WORK INSTRUCTIONS:
What you return must match the listing below exactly, minus any pictures.

━━ PROVIDED RECORDS ━━

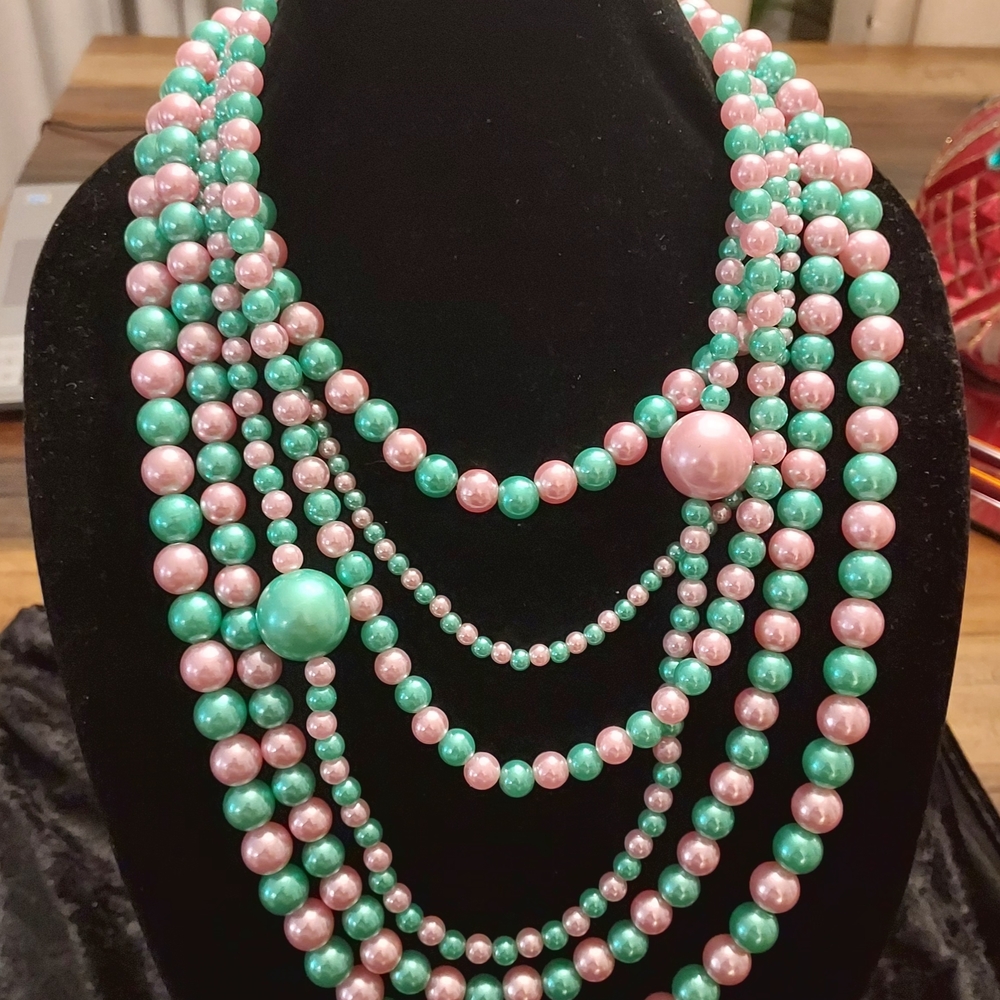 Elegant Pink and Green Beaded Necklace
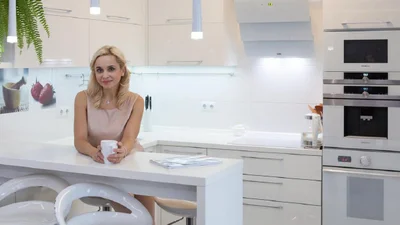 По-богатому: современная квартира и уютная дача Лилии Ребрик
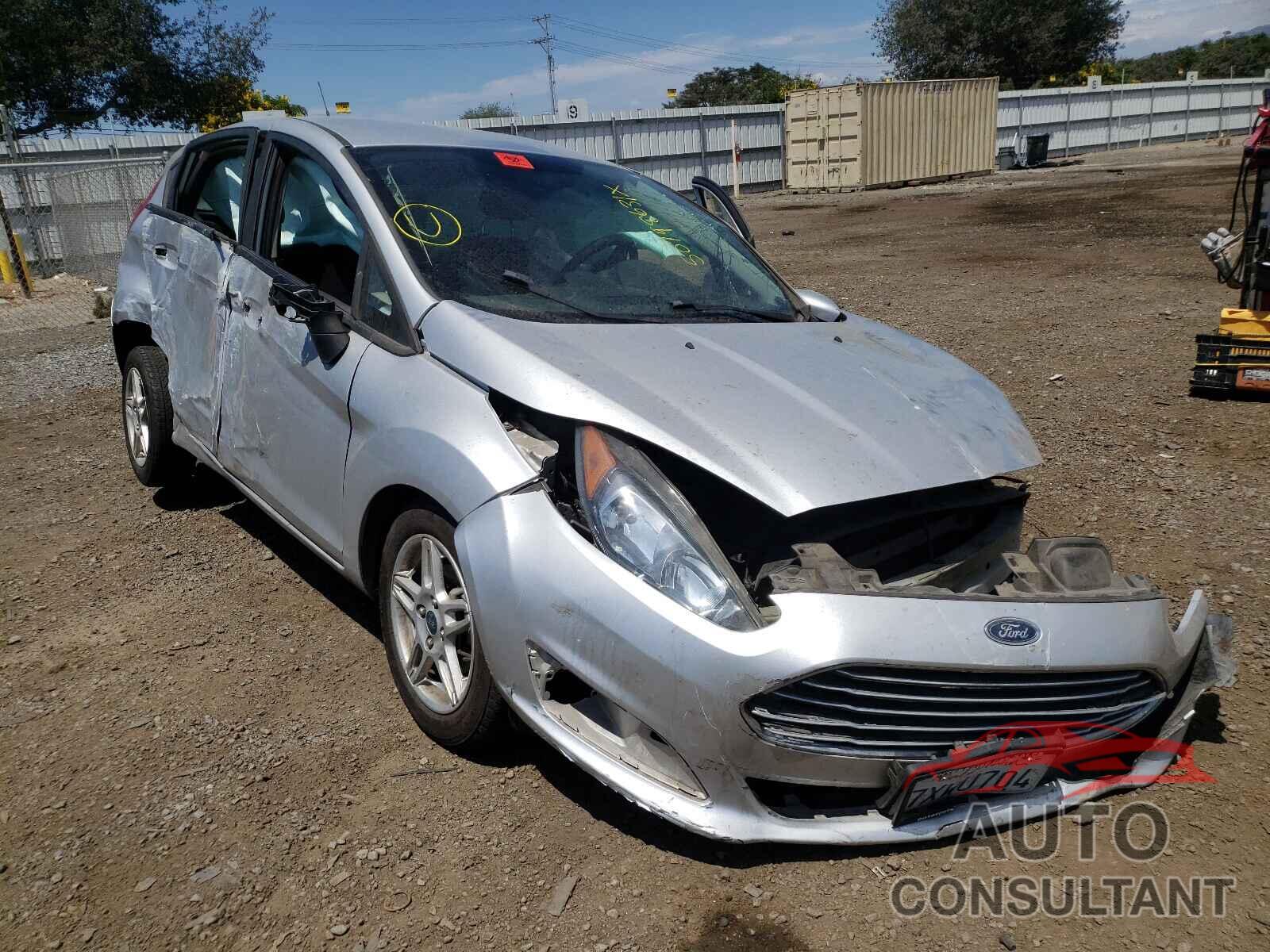 FORD FIESTA 2017 - 3FADP4EJ5HM136077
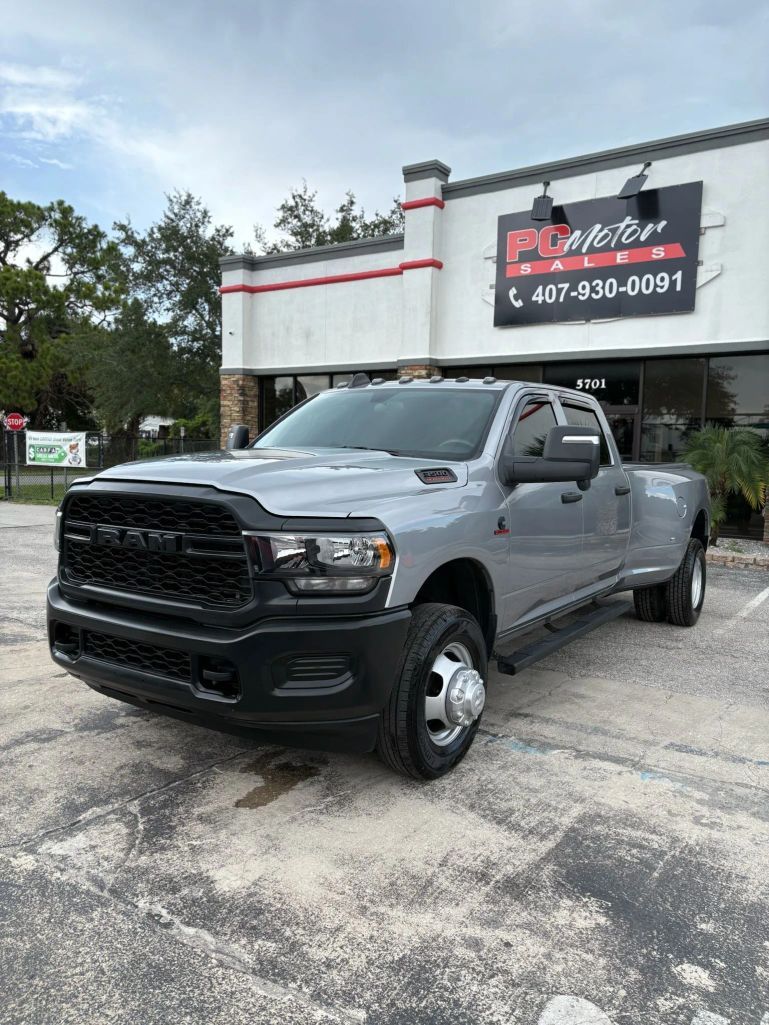 2024 Ram 3500 Tradesman W/ Chrome Appearance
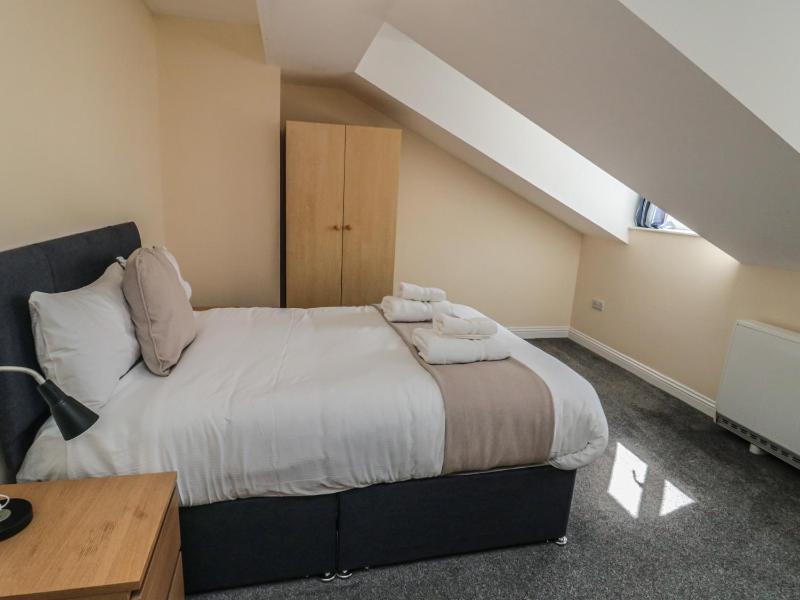 The Newborough Apartment 5 - image 14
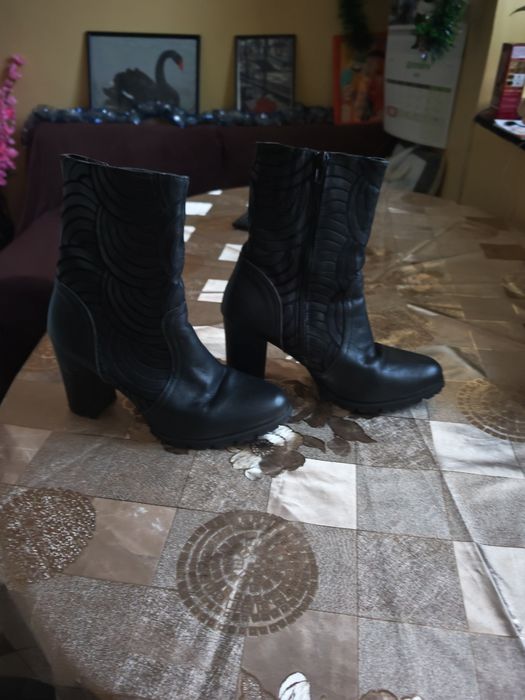 Дамски боти , носени по празници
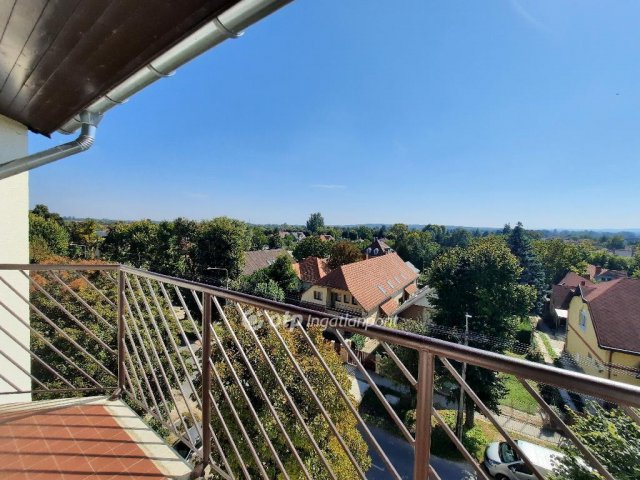 Eladó téglalakás, Siófokon 64.9 M Ft, 3+1 szobás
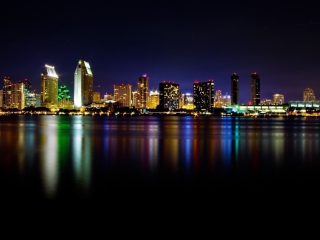 Fondo de pantalla San Diego 320x240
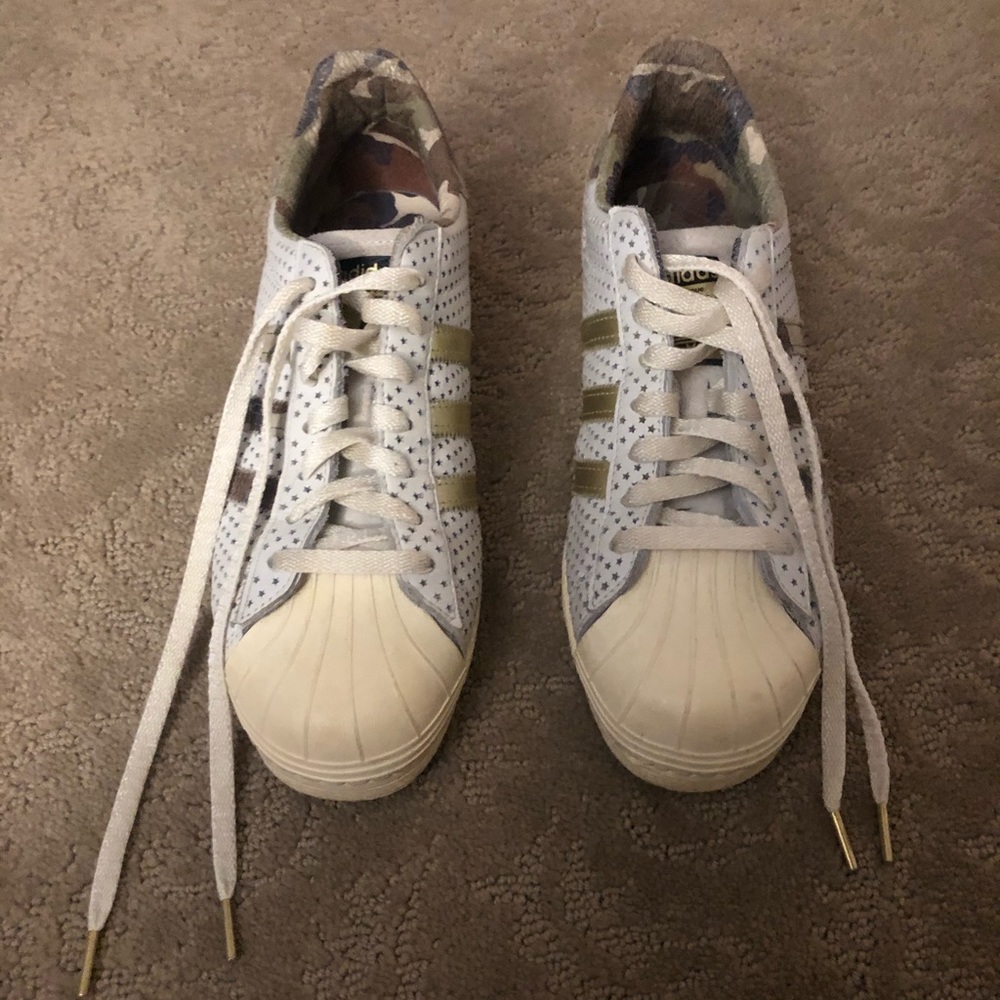 Leather Adidas camo gold stars
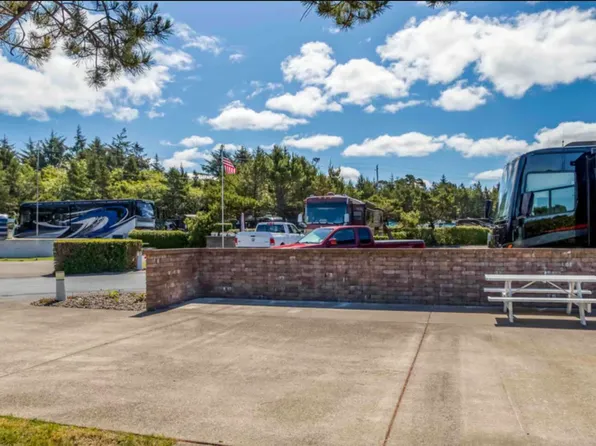 6225 N Coast Hwy Lot 68, Newport, OR 97365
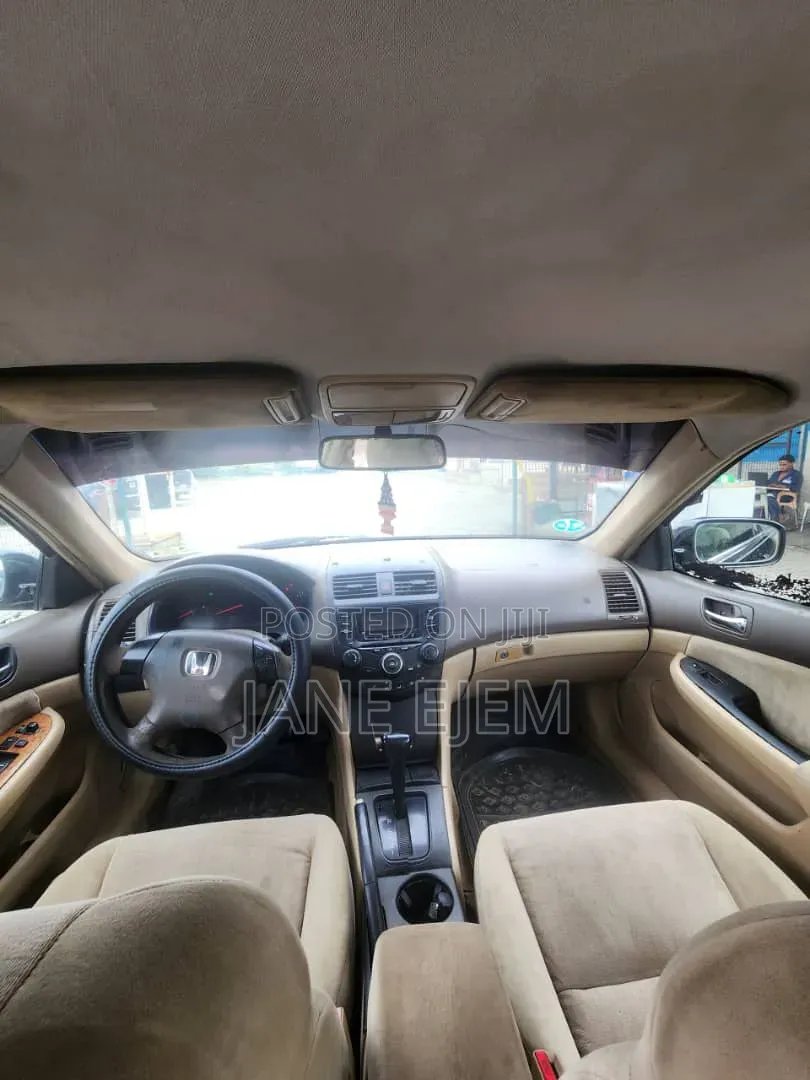 Honda Accord 2005 Black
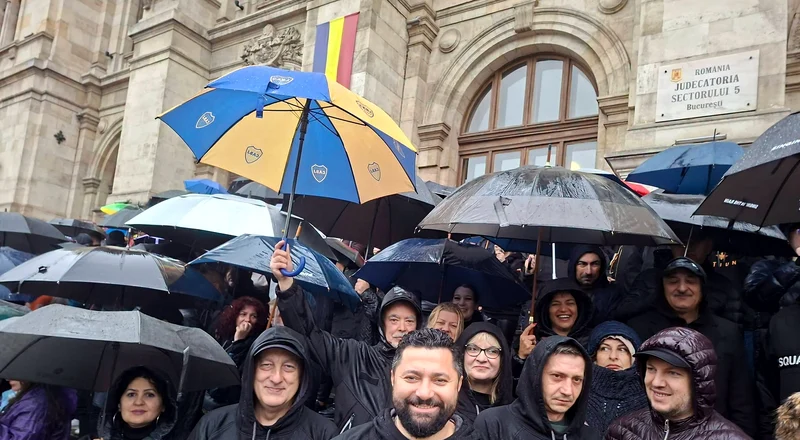 Susținătorii lui Călin Georgescu
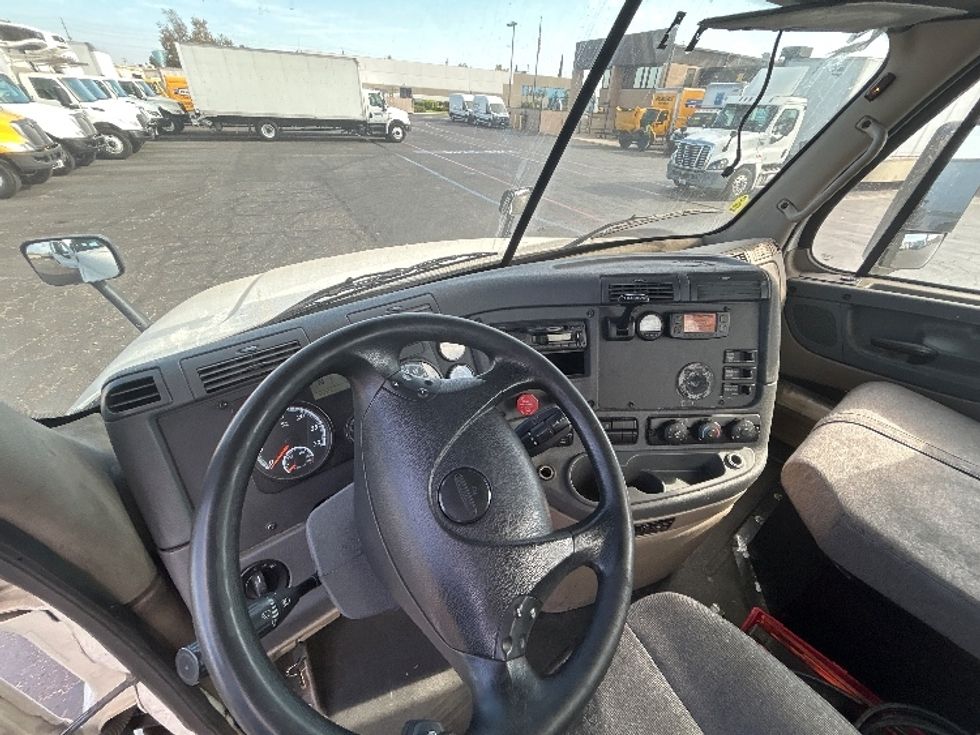 Day Cab Tractor-Heavy Duty Tractors-Freightliner-2017-Cascadia 12564ST-Torrance-CA-565,278\n\t\tmiles-$ 26,750 - Image 12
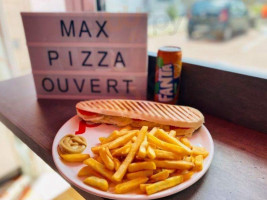 Max Pizza Saint Georges De Didonne food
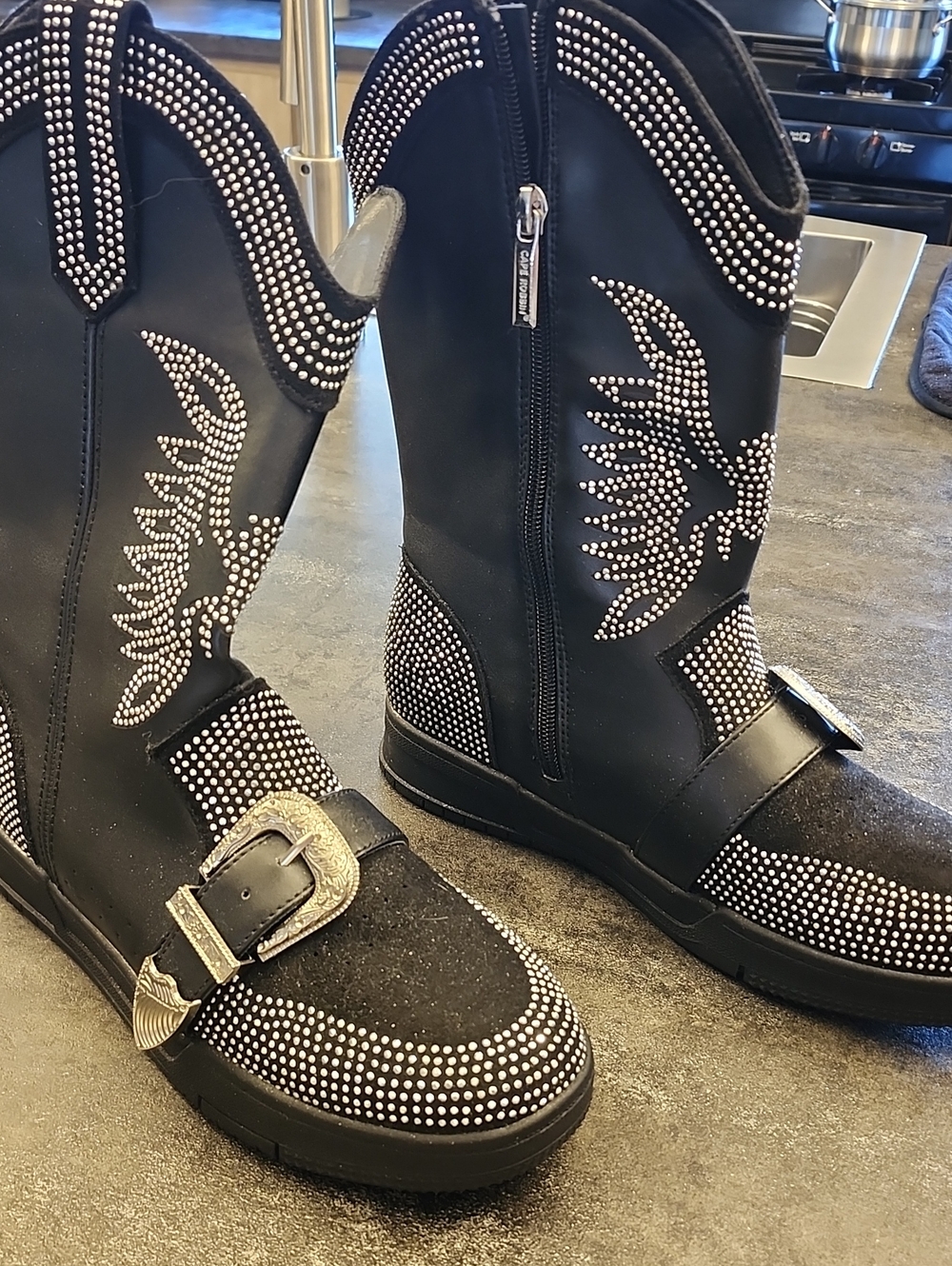Women's Black Studded Western-Style Flats with Decorative Buckle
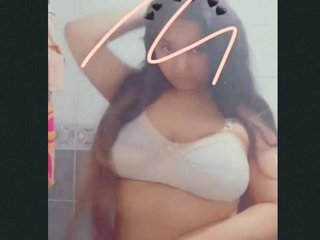 A Pakistani girl reveals her ample bosom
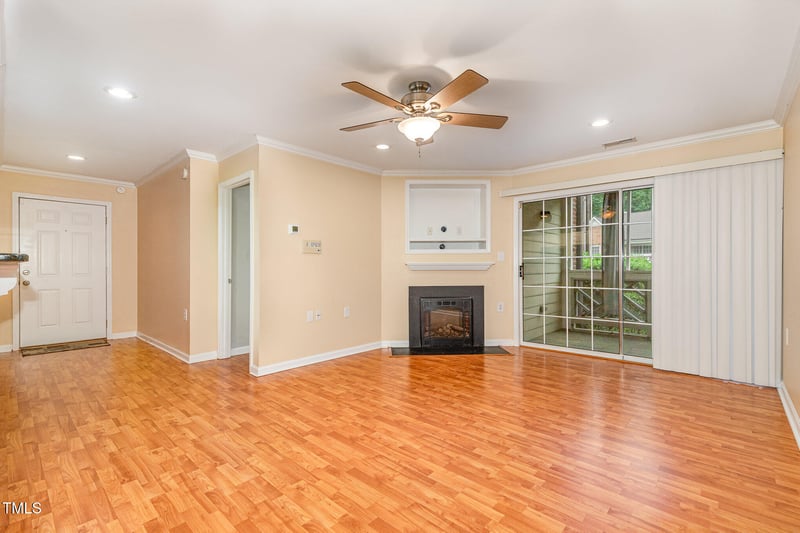 1002 Kingswood Dr #A, Chapel Hill, NC 27517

━━━

ANSWER:
 Elegant Pink and Green Beaded Necklace
 По-богатому: современная квартира и уютная дача Лилии Ребрик
 FORD FIESTA 2017 - 3FADP4EJ5HM136077
 2024 Ram 3500 Tradesman W/ Chrome Appearance
 The Newborough Apartment 5 - image 14
 Дамски боти , носени по празници
 Eladó téglalakás, Siófokon 64.9 M Ft, 3+1 szobás
 Fondo de pantalla San Diego 320x240
 Leather Adidas camo gold stars
 6225 N Coast Hwy Lot 68, Newport, OR 97365
 Honda Accord 2005 Black
 Susținătorii lui Călin Georgescu
 Day Cab Tractor-Heavy Duty Tractors-Freightliner-2017-Cascadia 12564ST-Torrance-CA-565,278\n\t\tmiles-$ 26,750 - Image 12
 Max Pizza Saint Georges De Didonne food
Women's Black Studded Western-Style Flats with Decorative Buckle
 A Pakistani girl reveals her ample bosom
 1002 Kingswood Dr #A, Chapel Hill, NC 27517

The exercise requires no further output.